May 02, 2011

On the Day After Bin Laden's Death

In mainstream Christian theology, the government has been given "the sword" of justice. The government has now used that sword to eliminate a mass murderer. My feelings are mixed. I am certainly not unhappy that Bin Laden is no longer plotting massacres against innocent people. And I do admit a sense of nationalistic pride in President Obama and our military. But I also find the whole idea of splashing about in the blood of our enemies in a joyous celebration of death (as one of my facebook friends approvingly put it) to be quite macabre to me. The celebration of death just doesn't sound at all like the Jesus I know.

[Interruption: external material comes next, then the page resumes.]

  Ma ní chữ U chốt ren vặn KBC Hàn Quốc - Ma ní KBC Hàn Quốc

When Christ was contemplating the impending destruction of Jerusalem, his heart was broken as he gazed out over the city. "O Jerusalem, Jerusalem, you who kill the prophets and stone those sent to you, how often I have longed to gather your children together, as a hen gathers her chicks under her wings, but you were not willing!" (Luke 13:34 NIV84).

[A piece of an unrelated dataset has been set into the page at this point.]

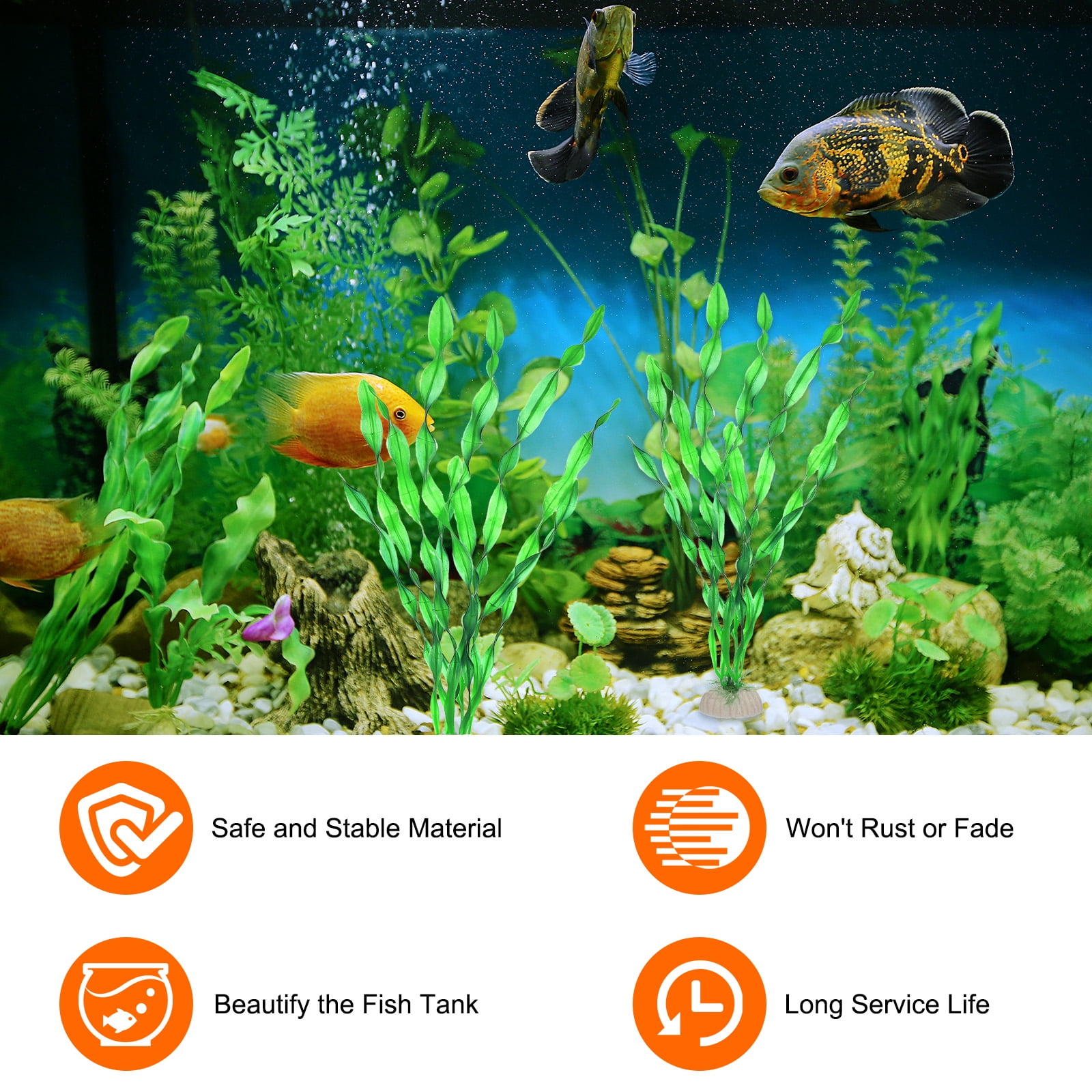 Aquarium Artificial Plants 10 Pcs Fish Tank Plants Decorations Accessories Aquatic Ornaments Decor Water Grass Green (Seaweed)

If I am to believe the Scriptures, God does not party when the wicked receive the wages of their sins."‘As surely as I live,' declares the Sovereign LORD, 'I take no pleasure in the death of the wicked, but rather that they turn from their ways and live. Turn! Turn from your evil ways! Why will you die...?'" (Ezekiel 33:11 NIV84).

We are programmed, I think, to rejoice over the deaths of our enemies. I mean, who didn't cheer when Dorothy's house landed on the Wicked Witch of the East? But there comes a point where our adherence to the Red Letters should override our carnal instinct to celebrate death. At least I would hope that such would be true in me. "Bloodthirsty Christian" should be an oxymoron, shouldn't it?

So I wrestle with these issues and emotions, as I'm sure all gospel-observant Christians do, hoping to strike a biblical balance wherein the death of a mass murderer is both a righteous thing and an opportunity for an honest look into my own heart in order to see if the Jesus of the Red Letters is being authentically reflected there.